Di bulan Ramadhan ini Allah Swt melipat gandakan pahala ibadah, kebaikan bernilai luhur dan tinggi, sehingga sangat dianjurkan untuk memperbanyak ibadah dan kebaikan di bulan ini. Zakat adalah salah satu kewajiban bagi umat muslim yang kedudukannya sama seperti sholat. Sering Allah menyebutkan kata sholat kemudian digandeng setelahnya dengan zakat seperti ayat
واقيموا الصلاة و آتوا الزمكاة
“ Dirikanlah sholat dan tunaikan zakat “
Sering kita lihat umat muslim di bulan Ramadhan trutama saat malam trakhirnya, mereka mngeluarkan zakat mal atau zakat harta, mungkin beralasan ingin mendapat nilai lebih menunaikan zakat harta di bulan Ramadan, padahal kita tahu di antara syarat zakat mal adalah mencapai nishob dan haul yaitu sampai satu tahun.
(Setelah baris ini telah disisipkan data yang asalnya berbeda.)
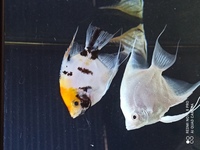 Adult angelfish for sale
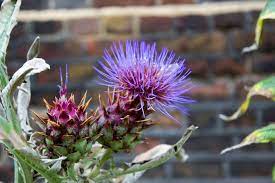 Buy Cardoon Artichoke Seeds Grow Food Guide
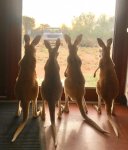 Hooray! Mumâ€™s home. Milk time!.jpg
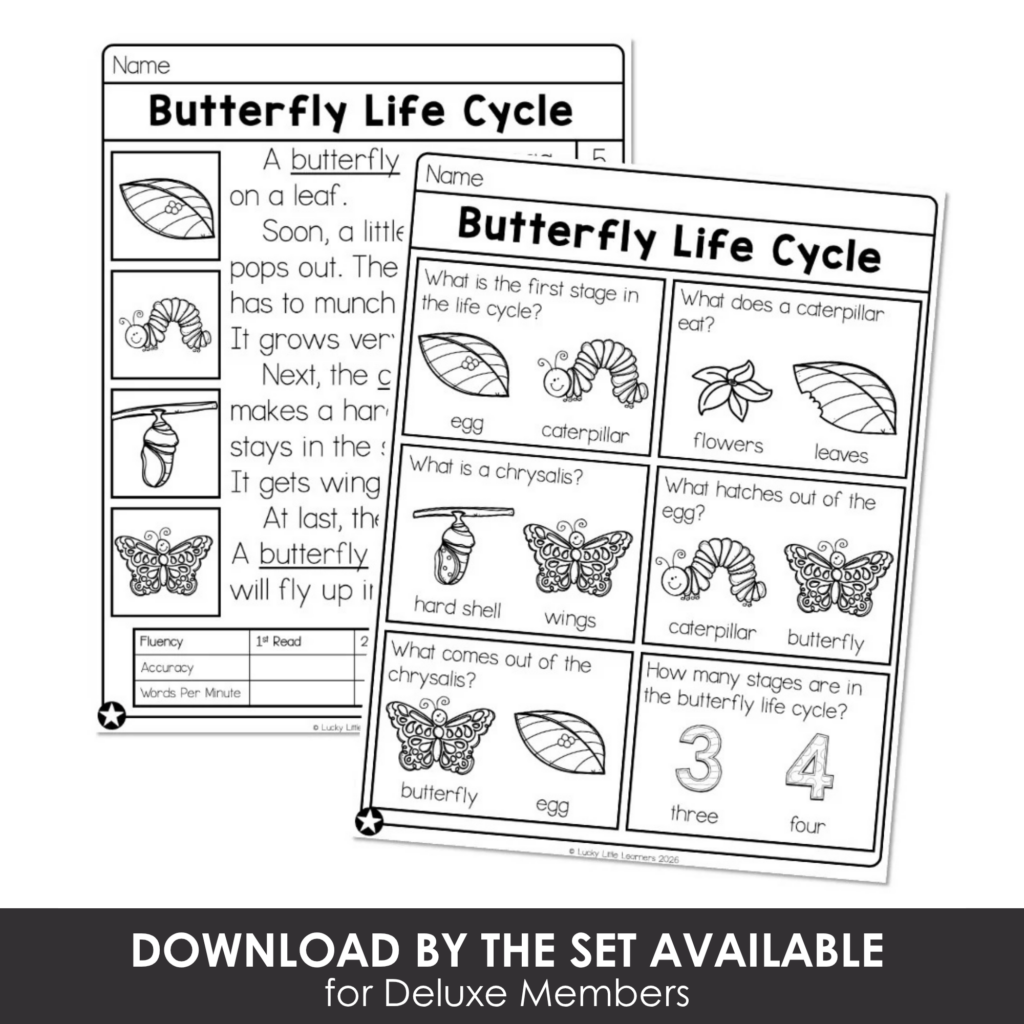 Educational worksheet on butterfly life cycle with diagrams and questions for kids, including stages from egg to butterfly, designed for early learning and science education.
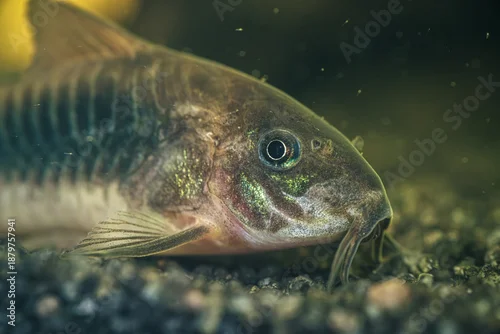 Fototapeta Zbliżenie na rybę z gatunku kirysek (Corydoras) żerującą na ciemnym żwirze w akwarium słodkowodnym. Makrofotografia ukazująca detale głowy, wąsików i metalicznych łusek ryby dennej.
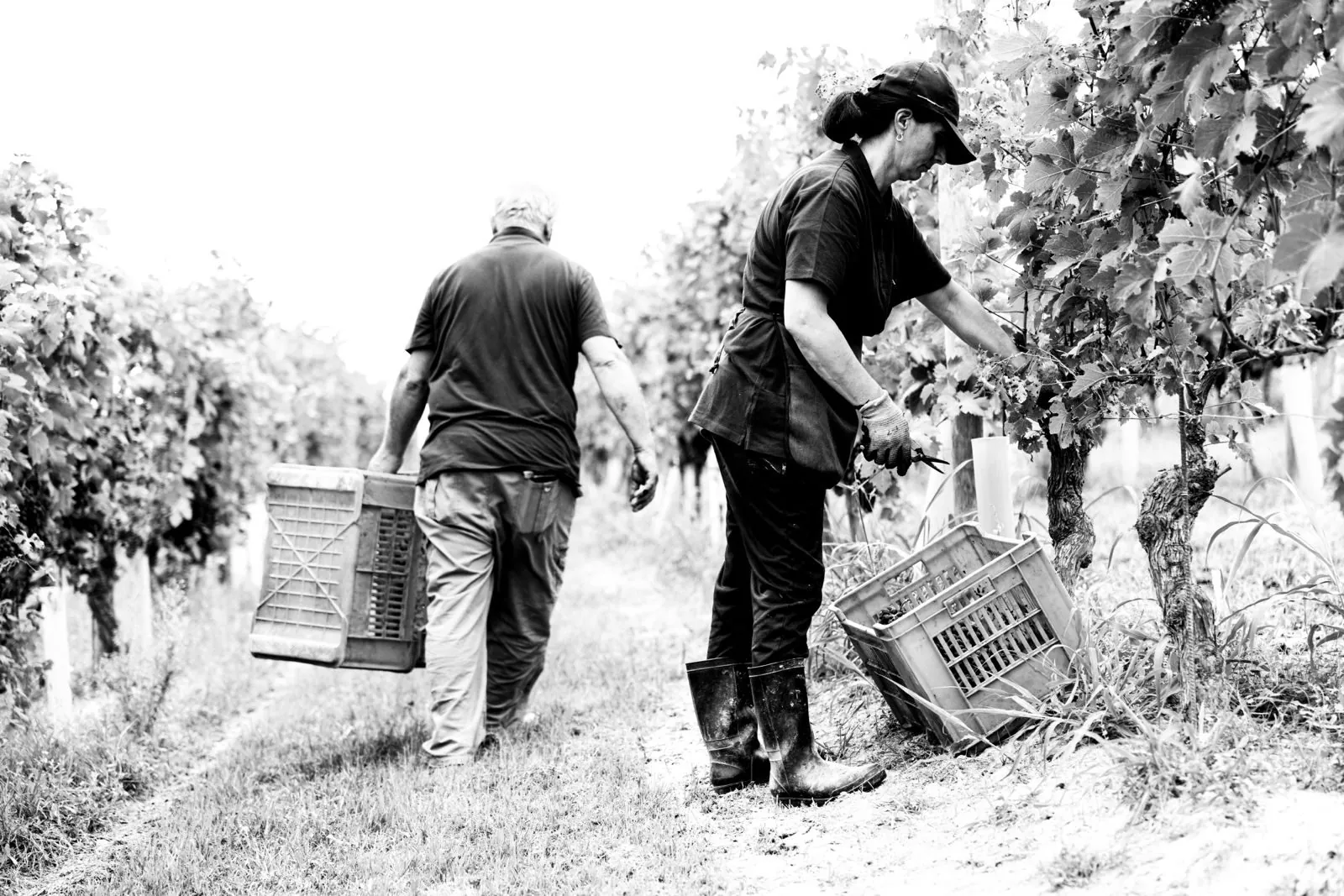 Vendemmia Granducato in Toscana
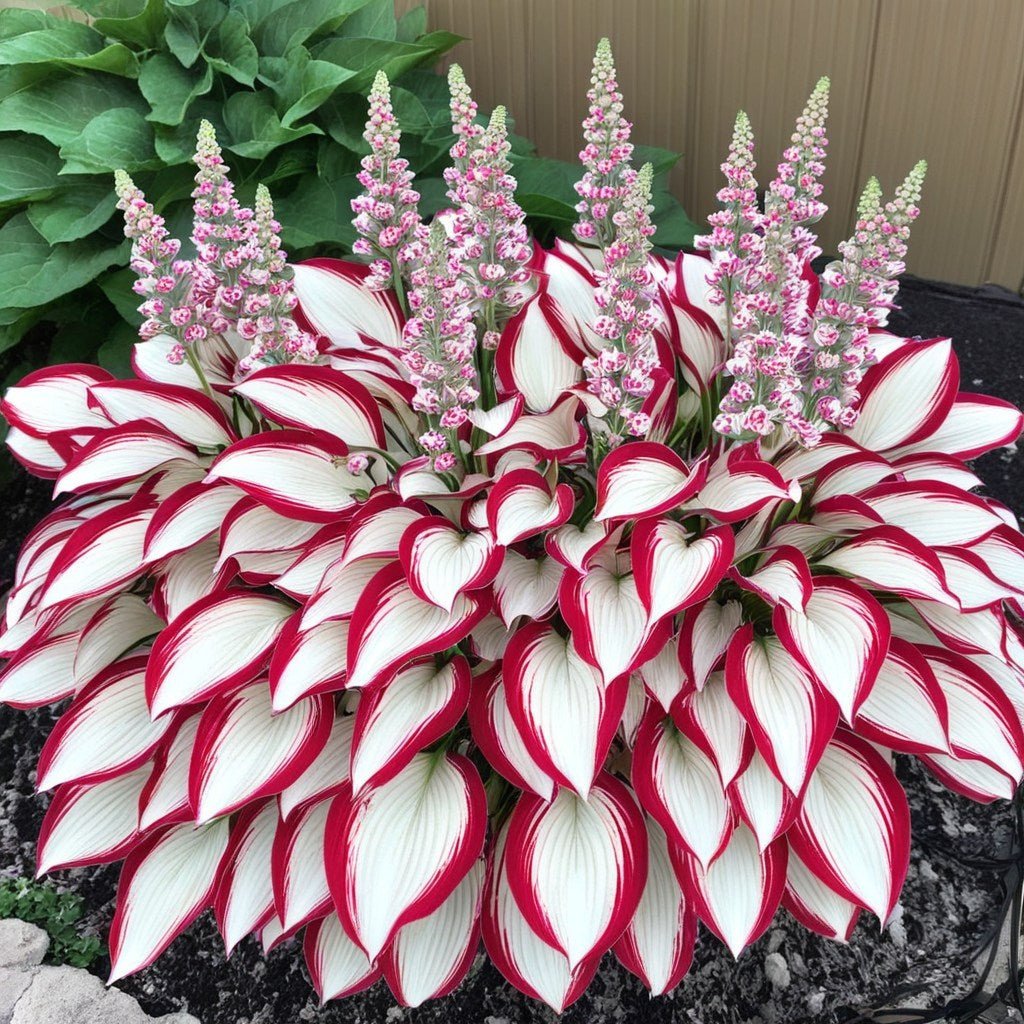 🔥Last Day 49% OFF-Premium Rare Hosta Seeds🌿Shade-Tolerant Plant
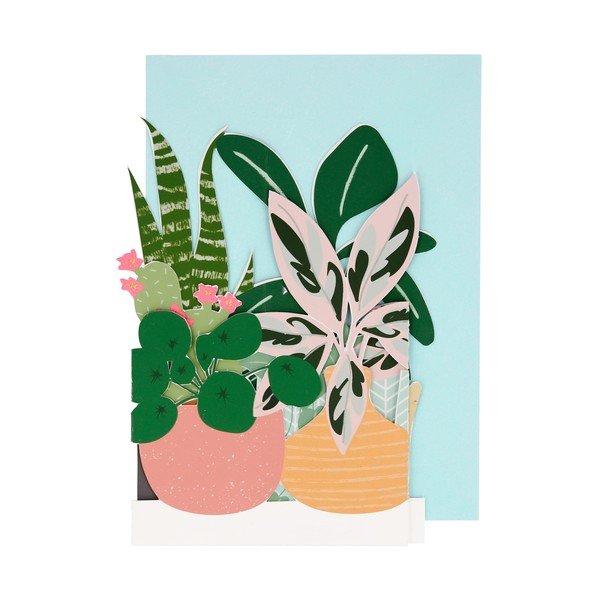Atvirukas Potted Plant – Meri Meri-image-1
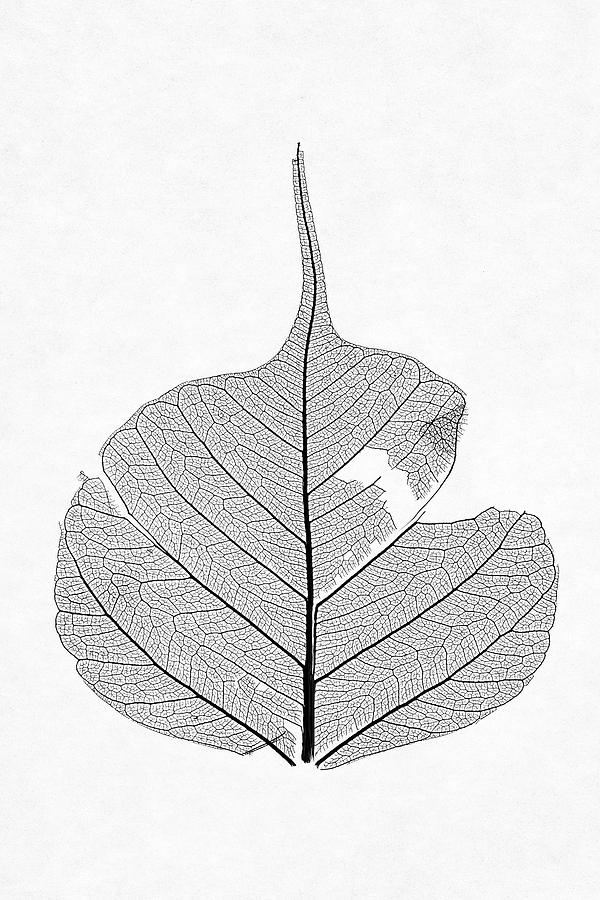 Leaf Without Color Photograph by Christopher Johnson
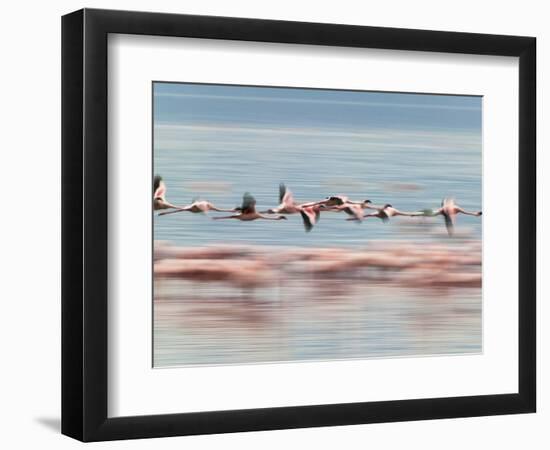 Lesser Flamingoes (Phoenicopterus Minor), Lake Nakuru, Kenya-Keren Su-Framed Photographic Print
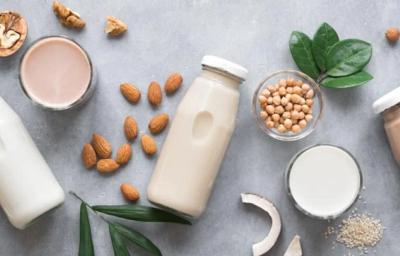 Bebidas con plantas blog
Sehingga mereka sebenarnya mengeluarkan zakat terkadang belum jatuh temponya artinya mereka mendahulukan zakat. Nah bagaimana fiqih memandangnya ?
Mendahulkan zakat atau dalam istilah fiqihnya disebut dengan Ta’jilz zakat atau Az-Zakah Al-Mu’ajjal, misalnya si Fulan memulai bisnis perdagangannya sejak bulan Juni kemudian bulan Agustus sudh masuk bulan Ramadhan, seharusnya Fulan mengeluarkan zakatnya di bulan Mei genap setahun, berhubung Agustus bulan Ramadhan maka si Fulan mngeluarkan zakat malnya di bulan agustus.
Ta’jiluz zakah dalam fiqih diperbolehkan asal memenuhi beberapa syarat berikut :
1. Harus sampai nishob kecuali zakat tijarah
2. Tetapnya si pemilik zakat atas syarat-syarat wajibnya zakat, maka jika sipemilik zakat wafat sebelum genap setahun, atau menjadi faqir sbelum genap setahun, maka zakatnya tidak sah.
3. Tetapnya sifat-sifat penerima (mustahiq) pada waktu wajib mengeluarkan zakat (saat sempurna haul/genap setahun). Maka jika si penerima zakat menjadi kaya bukan dengan harta zakat di akhir tahun (genap khol), atau murtad atau meninggal, maka zakatnhya tidak sah dan jatuhnhya jadi sedekah sunnah.
Berbeda dengan pendapat Imam Abi Hanifah dan Imam Ahmad bin Hanbal yang menyatakan tetap sah walaupun tidak bersifat mustahiq lagi.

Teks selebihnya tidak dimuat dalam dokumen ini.